2

79 15 0
                                    

''Byłem tam zupełnie sam. Czasem mówiłem do ściany, czasem do pluszaków, czasem do siebie. Samotność zabijała, ale nie na długo."

- Chcę do mamy! - krzyknął mały chłopiec, siedząc zamknięty w dość małym pokoju, obklejonym naklejkami z samochodami i Scooby-Doo. Walił bez ustanku w zamknięte drzwi, przypadkowo trafiając w ścianę, gdy łzy zamazywały pole jego widzenia. Gdy przestał widzieć całkowicie, przerwał swoją czynność i skulił się w kącie. Wytarł swoje mokre od łez oczy i policzki o spodnie, które miał aktualnie na sobie. Cholernie bał się wszystkiego, co mogło się teraz wydarzyć. Nie wiedział, jak zachowywać się w przypadku takiej sytuacji.
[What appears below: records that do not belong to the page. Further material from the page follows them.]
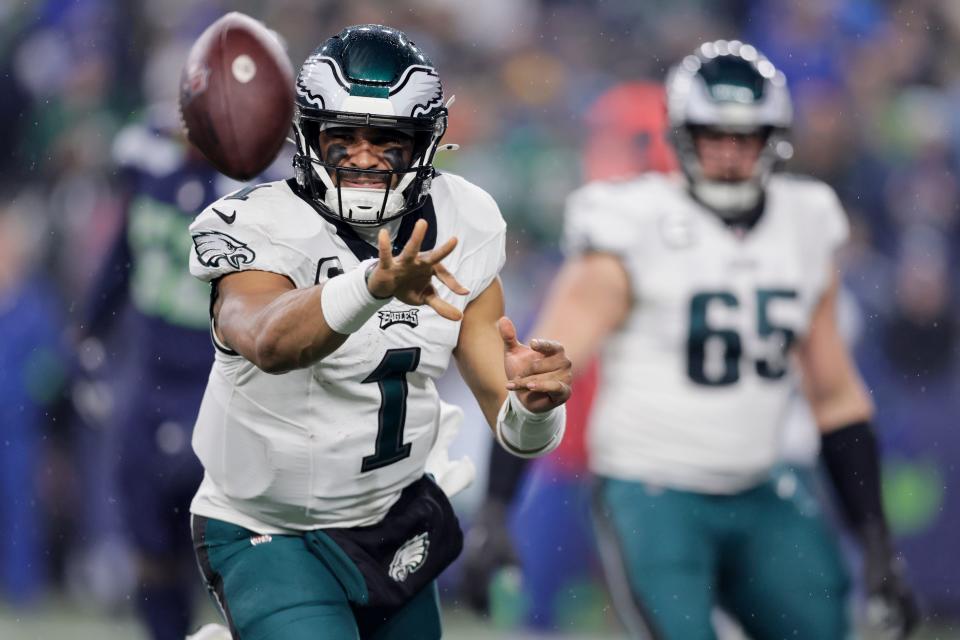 Philadelphia Eagles quarterback Jalen Hurts pitches the ball to tight end Dallas Goedert during the first half of an NFL football game against the Seattle Seahawks, Monday, Dec. 18, 2023, in Seattle.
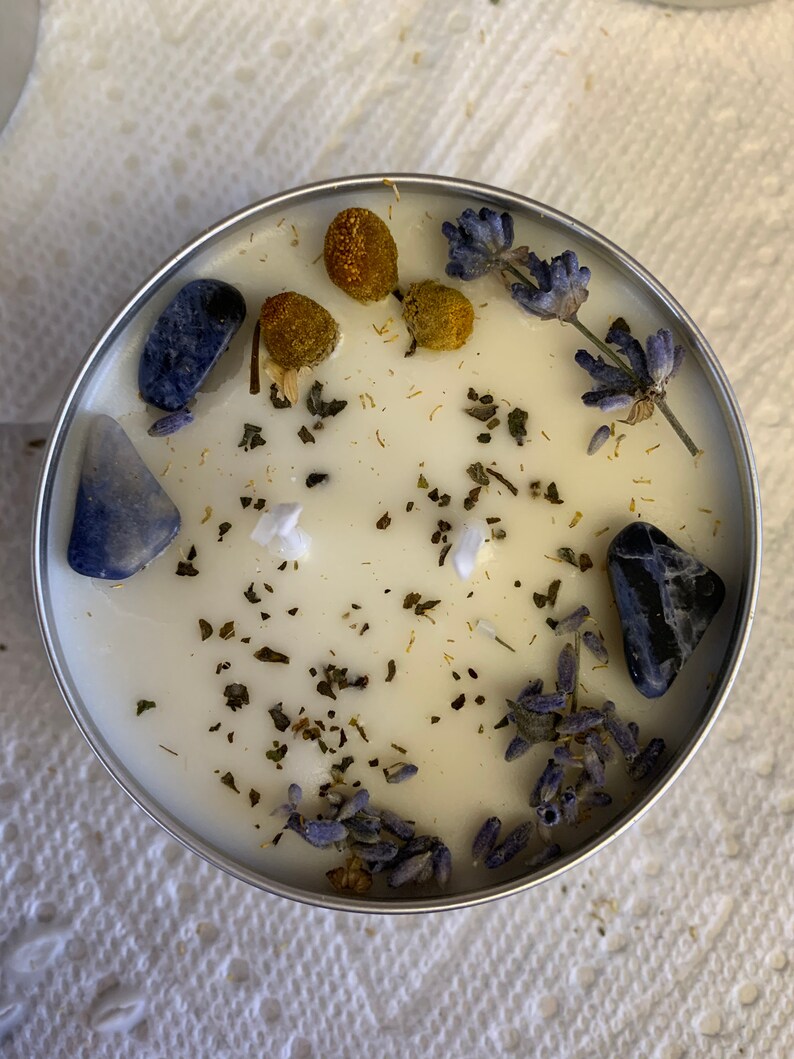 May include: A white candle with dried lavender, dried chamomile, and blue stones embedded in the wax.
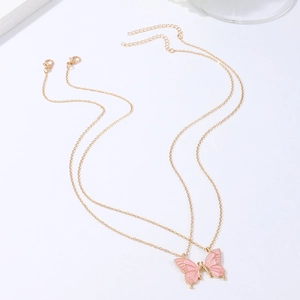 Detail van twee gouden vlinder vriendschapshangers met roze emaille op witte achtergrond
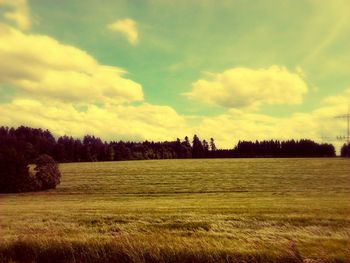 Scenic view of field against cloudy sky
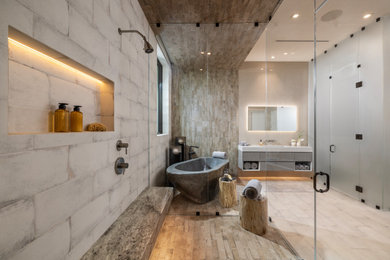 Example of a large minimalist master beige tile and porcelain tile porcelain tile, beige floor and single-sink bathroom design in Other with flat-panel cabinets, gray cabinets, beige walls, an integrated sink, solid surface countertops, a hinged shower door, a niche, a floating vanity and white countertops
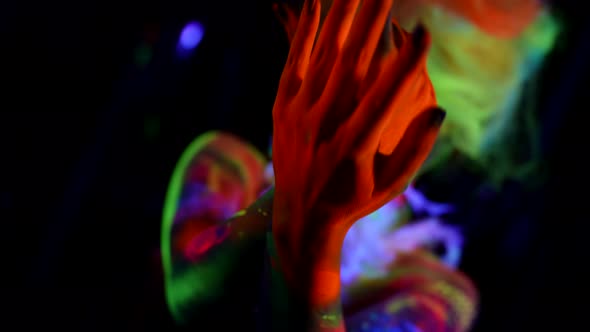 Mysterious Female Figure in Darkness Woman is Moving Hands Covered Fluorescent Paints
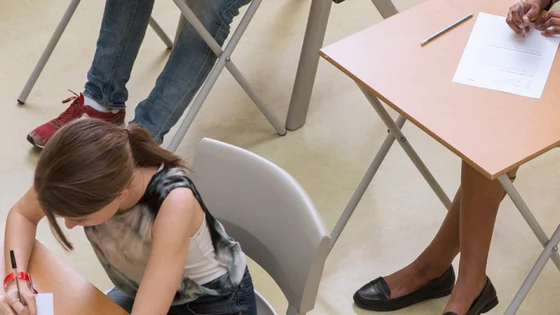 Students sat in an exam hall completing an exam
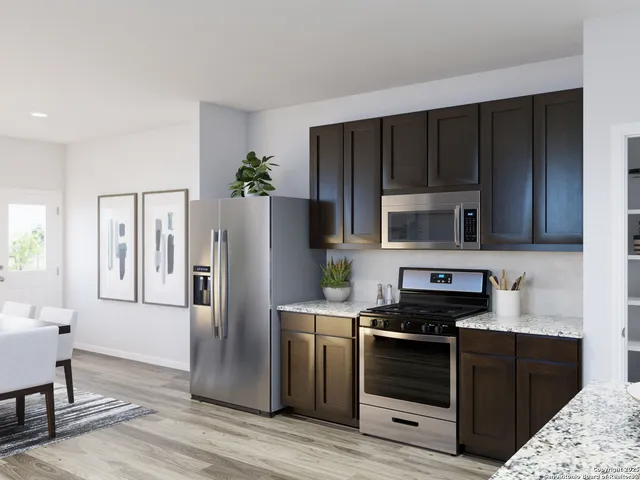 a kitchen with a table and chairs in it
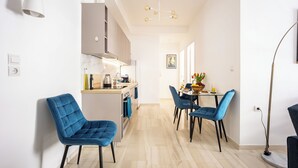 Een moderne keuken met een eethoek, met een centraal kookeiland, blauwe stoelen en een hanglamp.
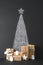 Creative Alternative Christmas tree. Christmas background with chalkboard and presents.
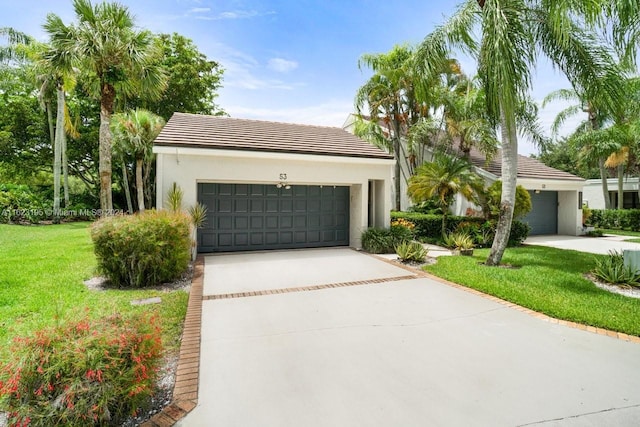 view of front facade with a garage and a front yard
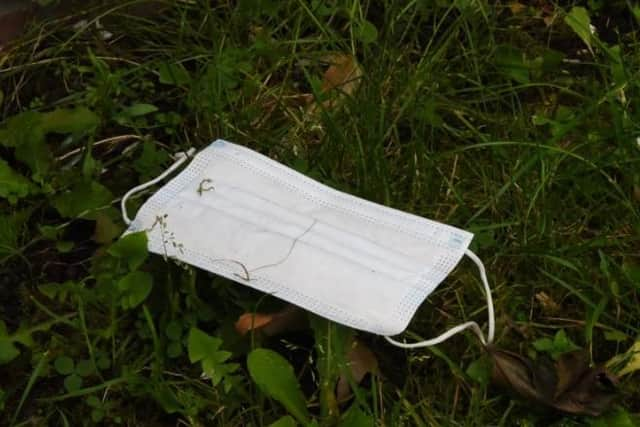 Face masks litter the streets of Wigan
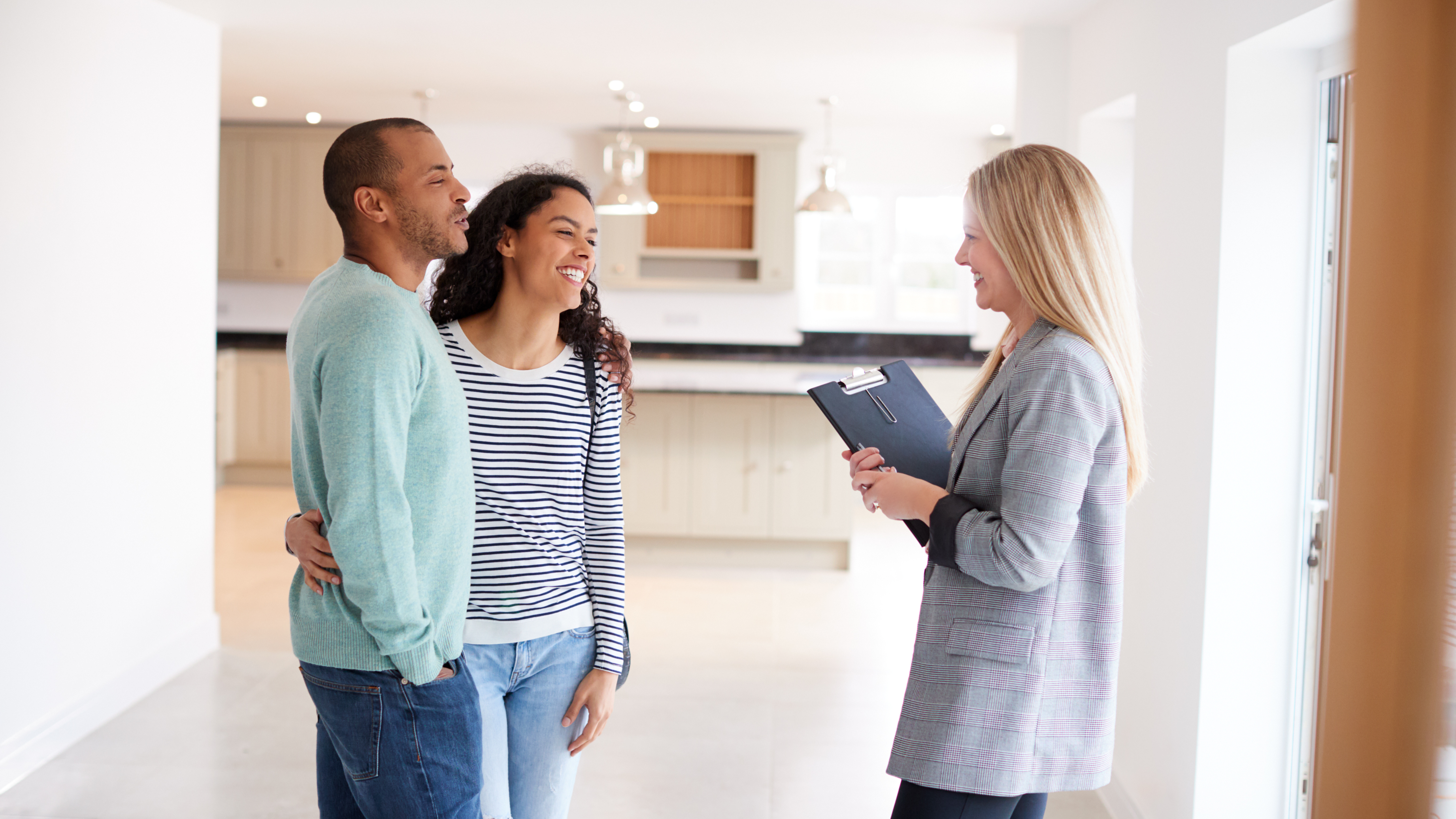 Zwei Personen die mit einer Maklerin sprechen. Sie stehen ein einem Einfamilien Haus und wissen mit ob sie das Haus Minen oder Kaufen wollen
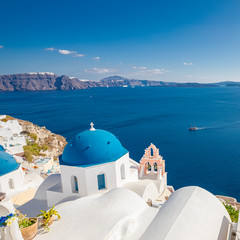 Fototapeta na wymiar Oia village, Santorini, Greece. Vacations and travel destination background. White architecture with blue dome. Peaceful and tranquil summer mood, travelling landscape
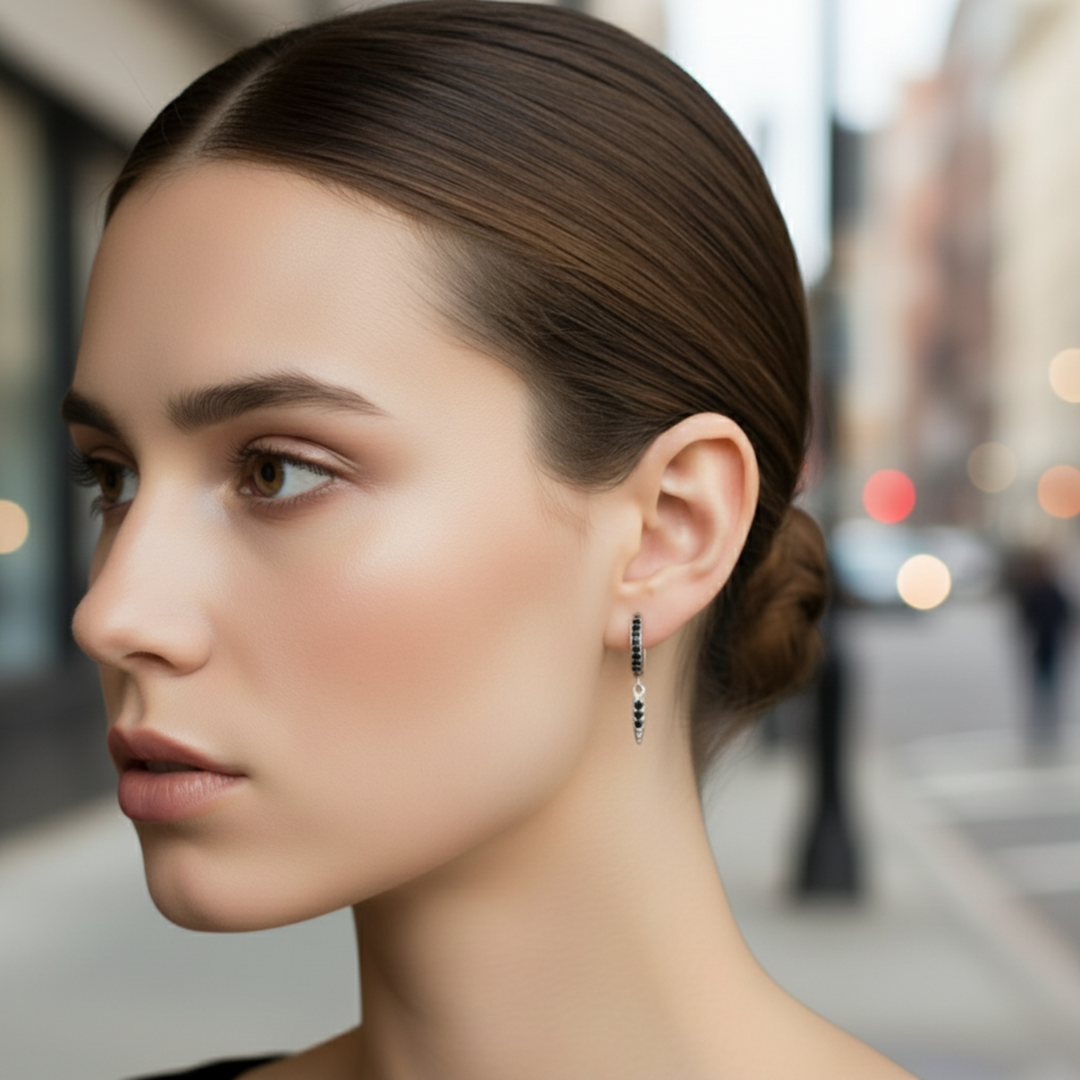 Female model wearing black diamond hoop earring, 14K gold huggie with arrow dangle drop, delicate 20mm spike design, natural black diamonds, modern unisex style | Rare Earth Jewelry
Niepewnie wstał ze swojego miejsca i podszedł do małego, zapewne niewygodnego łóżka, zasiadając na nim. Był zmęczony, lecz nie miał zamiaru spać. Schował torbę słodyczy, które jeszcze niedawno samodzielnie kupywał w sklepie, pod meblem, które na chwilę obecną miało być jego legowiskiem. Powoli nabierał wdechy, by delikatnie się uspokoić - tej metody nauczyła go jego matka. Jednak przez całe jego skupienie się na tej czynności nie zauważył, że ktoś wchodzi do pokoju, w którym został uwięziony. Zorientował się dopiero, gdy duża męska dłoń spoczęła na jego udzie.
Młodziak podskoczył w miejscu, otwierając oczy i lądując twarzą w twarz z Ashtonem. Starszy uśmiechał się, cały czas wyglądając niegroźnie, lecz Luke dobrze już wiedział, że to tylko fałszywa maska, której nie powinien ufać. Spuścił głowę na swoje nogi, starając się nie pozwolić łzom płynąć po nadal lekko zaczerwienionych policzkach.

- Zabierz mnie do mojej mamy. - wyszeptał te parę słów tak, by drugi chłopak mógł usłyszeć je wszystkie. Ten jednak zaprzeczył ruchem głowy, głośno wzdychając.

- Nie ma żadnej mamy. Jesteśmy tylko ty i ja. - mężczyzna podał nastolatkowi do rąk mięciutką koszulę do spania, która według podejrzeń młodszego wcześniej należała właśnie do Irwina. Unosił się znad niej zapach perfum i miała w sobie parę malutkich nacięć. Chłopiec uniósł głowę, patrząc z niezrozumieniem na osobę, do której powinien czuć czystą nienawiść i niechęć, chcąc zrozumieć jego słowa, czyny i myśli. Oboje przez chwilę mierzyli się spojrzeniami, ale żaden z nich już się nie odezwał. Na twarzy Ashtona nadal gościł ciepły uśmiech. Od chwili kiedy tu wchodził, po chwilę teraźniejszą, kiedy zbierał się do wyjścia. Światło w pomieszczeniu zostało zgaszone. Wypowiedział uprzejmie "dobranoc" i opuścił obecność dwunastolatka, zamykając drzwi na cztery spusty.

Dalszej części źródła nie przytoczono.